◆ **Data excerpts**:
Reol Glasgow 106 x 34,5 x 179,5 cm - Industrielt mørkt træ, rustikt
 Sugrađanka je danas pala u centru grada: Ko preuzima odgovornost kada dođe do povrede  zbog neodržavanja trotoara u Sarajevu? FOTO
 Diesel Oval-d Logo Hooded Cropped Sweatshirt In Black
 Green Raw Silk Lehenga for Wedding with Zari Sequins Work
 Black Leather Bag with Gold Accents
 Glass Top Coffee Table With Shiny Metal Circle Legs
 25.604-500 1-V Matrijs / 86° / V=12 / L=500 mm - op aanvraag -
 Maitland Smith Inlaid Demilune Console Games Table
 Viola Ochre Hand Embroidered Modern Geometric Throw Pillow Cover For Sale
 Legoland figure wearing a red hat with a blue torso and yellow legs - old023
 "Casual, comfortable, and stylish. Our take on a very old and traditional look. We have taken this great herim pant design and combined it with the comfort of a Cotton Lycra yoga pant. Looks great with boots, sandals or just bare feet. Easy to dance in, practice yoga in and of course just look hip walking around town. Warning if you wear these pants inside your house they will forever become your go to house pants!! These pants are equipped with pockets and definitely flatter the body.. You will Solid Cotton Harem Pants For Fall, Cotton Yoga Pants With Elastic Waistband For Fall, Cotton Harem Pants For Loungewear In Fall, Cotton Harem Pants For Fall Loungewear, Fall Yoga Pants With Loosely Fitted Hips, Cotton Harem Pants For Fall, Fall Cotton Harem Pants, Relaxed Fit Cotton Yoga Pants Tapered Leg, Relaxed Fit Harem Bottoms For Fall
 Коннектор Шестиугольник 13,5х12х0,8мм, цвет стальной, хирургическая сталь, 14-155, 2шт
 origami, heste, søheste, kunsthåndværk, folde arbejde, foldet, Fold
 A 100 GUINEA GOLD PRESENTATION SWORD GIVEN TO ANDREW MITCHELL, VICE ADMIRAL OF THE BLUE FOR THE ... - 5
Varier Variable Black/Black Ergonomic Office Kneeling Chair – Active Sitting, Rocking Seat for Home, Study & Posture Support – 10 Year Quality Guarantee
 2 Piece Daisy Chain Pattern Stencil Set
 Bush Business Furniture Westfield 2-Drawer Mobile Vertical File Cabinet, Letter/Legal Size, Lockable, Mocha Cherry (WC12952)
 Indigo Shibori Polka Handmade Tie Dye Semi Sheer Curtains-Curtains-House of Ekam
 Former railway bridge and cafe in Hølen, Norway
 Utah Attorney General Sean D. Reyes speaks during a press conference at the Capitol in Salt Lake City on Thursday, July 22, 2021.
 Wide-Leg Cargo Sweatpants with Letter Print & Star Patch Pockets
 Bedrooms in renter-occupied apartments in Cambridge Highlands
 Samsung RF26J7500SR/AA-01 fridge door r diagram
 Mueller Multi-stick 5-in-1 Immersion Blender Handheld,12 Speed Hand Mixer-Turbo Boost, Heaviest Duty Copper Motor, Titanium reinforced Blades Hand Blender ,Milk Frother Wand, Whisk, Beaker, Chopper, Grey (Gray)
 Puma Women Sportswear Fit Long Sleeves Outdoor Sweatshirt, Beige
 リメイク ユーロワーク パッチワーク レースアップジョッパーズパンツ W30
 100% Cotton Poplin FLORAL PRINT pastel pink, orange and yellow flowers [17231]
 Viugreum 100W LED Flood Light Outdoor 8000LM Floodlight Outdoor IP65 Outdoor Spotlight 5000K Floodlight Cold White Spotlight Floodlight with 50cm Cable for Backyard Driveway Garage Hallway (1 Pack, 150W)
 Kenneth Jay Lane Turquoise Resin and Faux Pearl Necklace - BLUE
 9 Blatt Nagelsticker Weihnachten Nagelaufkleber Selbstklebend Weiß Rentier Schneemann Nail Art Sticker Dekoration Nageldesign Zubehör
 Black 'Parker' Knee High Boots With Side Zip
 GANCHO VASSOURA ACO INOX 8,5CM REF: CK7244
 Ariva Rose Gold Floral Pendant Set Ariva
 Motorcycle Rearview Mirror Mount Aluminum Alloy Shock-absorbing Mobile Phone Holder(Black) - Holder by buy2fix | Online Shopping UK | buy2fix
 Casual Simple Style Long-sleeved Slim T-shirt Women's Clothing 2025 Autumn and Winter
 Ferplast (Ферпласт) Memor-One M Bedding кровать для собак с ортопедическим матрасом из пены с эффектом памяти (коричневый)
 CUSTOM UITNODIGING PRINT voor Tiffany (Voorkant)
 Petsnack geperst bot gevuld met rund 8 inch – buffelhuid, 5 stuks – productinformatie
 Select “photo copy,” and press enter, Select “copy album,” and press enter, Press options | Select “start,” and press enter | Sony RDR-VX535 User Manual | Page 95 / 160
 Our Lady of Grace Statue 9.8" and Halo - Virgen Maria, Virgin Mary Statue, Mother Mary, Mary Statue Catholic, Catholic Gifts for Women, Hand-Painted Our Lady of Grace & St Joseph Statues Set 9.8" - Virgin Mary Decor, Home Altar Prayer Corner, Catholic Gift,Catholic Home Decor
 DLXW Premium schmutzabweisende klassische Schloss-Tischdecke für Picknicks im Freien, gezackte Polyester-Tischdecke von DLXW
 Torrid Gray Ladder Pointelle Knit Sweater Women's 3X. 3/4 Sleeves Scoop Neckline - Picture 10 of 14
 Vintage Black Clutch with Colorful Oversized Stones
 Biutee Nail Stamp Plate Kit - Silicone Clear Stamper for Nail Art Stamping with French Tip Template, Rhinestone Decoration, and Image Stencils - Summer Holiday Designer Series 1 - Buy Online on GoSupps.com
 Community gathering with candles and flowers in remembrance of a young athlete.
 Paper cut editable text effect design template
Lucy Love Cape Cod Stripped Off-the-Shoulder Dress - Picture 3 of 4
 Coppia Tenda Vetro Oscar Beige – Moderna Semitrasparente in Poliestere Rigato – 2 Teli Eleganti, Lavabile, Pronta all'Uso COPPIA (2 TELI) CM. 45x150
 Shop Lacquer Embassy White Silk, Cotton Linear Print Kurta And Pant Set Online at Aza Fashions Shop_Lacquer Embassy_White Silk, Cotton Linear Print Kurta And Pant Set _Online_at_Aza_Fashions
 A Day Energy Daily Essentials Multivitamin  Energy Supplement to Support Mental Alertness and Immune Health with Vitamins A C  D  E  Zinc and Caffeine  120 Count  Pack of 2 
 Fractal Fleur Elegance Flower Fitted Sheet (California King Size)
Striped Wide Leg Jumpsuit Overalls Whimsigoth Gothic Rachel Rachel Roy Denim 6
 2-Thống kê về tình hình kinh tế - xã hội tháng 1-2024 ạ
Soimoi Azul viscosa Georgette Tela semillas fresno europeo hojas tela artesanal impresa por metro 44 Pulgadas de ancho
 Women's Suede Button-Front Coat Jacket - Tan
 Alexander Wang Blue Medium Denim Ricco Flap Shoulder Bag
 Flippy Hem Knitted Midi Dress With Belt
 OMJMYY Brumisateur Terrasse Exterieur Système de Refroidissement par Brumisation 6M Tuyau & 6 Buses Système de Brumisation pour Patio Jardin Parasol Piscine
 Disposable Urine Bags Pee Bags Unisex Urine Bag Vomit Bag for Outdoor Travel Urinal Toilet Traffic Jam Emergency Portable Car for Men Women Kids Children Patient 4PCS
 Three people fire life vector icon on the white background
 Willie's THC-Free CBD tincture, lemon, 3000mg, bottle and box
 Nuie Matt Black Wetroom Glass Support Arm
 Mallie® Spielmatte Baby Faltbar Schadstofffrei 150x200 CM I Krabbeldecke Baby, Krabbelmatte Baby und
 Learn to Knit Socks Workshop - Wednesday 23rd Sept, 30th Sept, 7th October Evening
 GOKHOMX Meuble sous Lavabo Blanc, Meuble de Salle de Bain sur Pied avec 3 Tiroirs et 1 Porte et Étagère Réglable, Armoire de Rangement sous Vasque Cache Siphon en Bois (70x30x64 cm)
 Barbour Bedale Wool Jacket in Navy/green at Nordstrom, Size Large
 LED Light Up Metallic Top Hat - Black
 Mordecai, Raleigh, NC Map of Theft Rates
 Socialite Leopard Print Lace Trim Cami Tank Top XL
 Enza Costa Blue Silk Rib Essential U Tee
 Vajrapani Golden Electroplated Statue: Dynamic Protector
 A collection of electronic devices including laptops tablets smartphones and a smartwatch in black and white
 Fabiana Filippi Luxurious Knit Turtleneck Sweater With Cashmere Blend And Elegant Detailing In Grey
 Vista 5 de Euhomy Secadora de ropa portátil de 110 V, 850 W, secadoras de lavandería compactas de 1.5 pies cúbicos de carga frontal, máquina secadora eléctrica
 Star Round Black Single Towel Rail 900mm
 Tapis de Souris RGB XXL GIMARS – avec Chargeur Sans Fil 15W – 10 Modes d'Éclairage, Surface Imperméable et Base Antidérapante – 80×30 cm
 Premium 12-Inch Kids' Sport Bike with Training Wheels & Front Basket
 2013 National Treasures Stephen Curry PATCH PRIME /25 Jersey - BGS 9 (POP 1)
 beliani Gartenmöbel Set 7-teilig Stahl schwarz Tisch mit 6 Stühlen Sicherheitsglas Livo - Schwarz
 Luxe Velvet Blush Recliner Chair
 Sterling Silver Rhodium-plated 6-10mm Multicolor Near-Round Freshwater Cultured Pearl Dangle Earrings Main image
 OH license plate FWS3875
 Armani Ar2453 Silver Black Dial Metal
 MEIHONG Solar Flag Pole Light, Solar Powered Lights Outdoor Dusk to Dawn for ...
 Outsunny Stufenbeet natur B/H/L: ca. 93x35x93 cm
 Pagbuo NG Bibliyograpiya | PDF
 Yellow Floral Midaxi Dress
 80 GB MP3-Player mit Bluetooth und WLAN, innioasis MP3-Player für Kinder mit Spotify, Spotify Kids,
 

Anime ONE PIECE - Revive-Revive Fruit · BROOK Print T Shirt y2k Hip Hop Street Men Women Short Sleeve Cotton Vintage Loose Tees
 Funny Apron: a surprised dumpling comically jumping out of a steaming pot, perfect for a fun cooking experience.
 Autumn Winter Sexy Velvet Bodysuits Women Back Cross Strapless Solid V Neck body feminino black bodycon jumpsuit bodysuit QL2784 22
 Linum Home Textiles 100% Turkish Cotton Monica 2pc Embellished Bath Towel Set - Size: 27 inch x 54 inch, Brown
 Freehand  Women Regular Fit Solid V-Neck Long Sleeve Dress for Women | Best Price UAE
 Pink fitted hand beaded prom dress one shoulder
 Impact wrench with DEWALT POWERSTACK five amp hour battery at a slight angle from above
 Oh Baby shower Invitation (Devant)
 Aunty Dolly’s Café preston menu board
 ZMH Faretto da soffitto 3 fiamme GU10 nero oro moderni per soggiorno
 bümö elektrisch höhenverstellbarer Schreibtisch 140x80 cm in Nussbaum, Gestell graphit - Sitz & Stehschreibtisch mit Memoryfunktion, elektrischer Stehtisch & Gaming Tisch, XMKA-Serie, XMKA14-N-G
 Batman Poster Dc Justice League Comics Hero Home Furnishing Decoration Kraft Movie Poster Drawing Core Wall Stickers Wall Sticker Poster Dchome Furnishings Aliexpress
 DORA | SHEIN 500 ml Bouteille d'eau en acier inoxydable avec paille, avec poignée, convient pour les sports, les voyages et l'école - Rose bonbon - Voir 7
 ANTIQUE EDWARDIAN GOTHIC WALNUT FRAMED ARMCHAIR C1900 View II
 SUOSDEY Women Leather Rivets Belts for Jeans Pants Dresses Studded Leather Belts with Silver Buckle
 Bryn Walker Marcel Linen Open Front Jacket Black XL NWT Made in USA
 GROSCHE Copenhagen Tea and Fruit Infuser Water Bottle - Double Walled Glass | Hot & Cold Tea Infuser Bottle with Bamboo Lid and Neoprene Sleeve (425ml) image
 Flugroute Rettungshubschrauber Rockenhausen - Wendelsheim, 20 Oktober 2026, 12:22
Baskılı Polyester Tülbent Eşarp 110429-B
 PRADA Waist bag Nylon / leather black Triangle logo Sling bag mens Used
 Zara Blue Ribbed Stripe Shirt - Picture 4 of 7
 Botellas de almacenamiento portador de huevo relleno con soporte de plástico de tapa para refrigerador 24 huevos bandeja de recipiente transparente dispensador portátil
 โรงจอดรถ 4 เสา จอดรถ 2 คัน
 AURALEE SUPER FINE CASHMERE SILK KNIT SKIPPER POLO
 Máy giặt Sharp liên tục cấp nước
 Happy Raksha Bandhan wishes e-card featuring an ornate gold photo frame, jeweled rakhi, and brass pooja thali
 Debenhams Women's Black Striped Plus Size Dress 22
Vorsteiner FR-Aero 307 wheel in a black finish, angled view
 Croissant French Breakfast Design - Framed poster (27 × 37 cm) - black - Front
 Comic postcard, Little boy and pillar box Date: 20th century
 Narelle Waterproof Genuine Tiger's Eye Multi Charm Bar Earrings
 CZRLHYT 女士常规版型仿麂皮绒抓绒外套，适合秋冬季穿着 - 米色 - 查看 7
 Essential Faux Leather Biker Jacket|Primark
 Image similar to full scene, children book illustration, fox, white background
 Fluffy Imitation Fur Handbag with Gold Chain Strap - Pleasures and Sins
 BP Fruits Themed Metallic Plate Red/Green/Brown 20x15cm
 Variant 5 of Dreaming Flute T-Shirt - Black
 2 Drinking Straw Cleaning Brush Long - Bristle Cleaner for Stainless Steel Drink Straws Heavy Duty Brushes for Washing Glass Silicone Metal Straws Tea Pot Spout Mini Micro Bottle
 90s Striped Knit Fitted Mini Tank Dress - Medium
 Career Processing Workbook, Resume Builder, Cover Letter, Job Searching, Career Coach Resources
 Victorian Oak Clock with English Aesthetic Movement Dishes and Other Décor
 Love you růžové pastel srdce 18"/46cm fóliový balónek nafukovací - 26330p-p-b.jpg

◆ **Problem details**: Could you retype exactly the lines above, starting at the line that contains "A collection of" and ending at the line that contains "Fabiana Filippi Luxurious", and nothing more?

◆ **Final answer**:
 A collection of electronic devices including laptops tablets smartphones and a smartwatch in black and white
 Fabiana Filippi Luxurious Knit Turtleneck Sweater With Cashmere Blend And Elegant Detailing In Grey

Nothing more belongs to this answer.